Work request:
Range to reproduce from the entries below: the line with "Daisy Street Long", the line with "California State Flag", and every line in between. Give them exactly and give nothing else.

Exercise inputs:
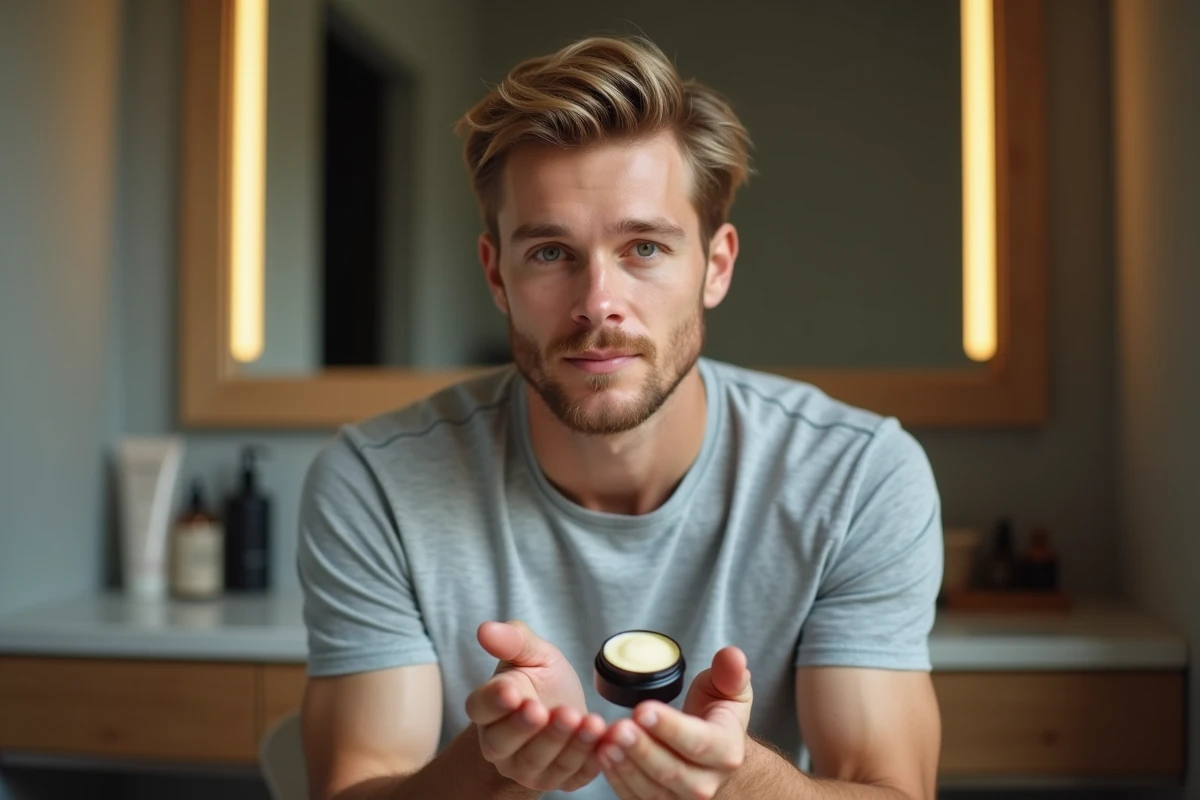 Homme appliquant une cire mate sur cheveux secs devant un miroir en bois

--

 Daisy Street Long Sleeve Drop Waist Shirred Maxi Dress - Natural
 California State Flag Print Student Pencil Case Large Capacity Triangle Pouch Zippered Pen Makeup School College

Response to this exercise:
 Daisy Street Long Sleeve Drop Waist Shirred Maxi Dress - Natural
 California State Flag Print Student Pencil Case Large Capacity Triangle Pouch Zippered Pen Makeup School College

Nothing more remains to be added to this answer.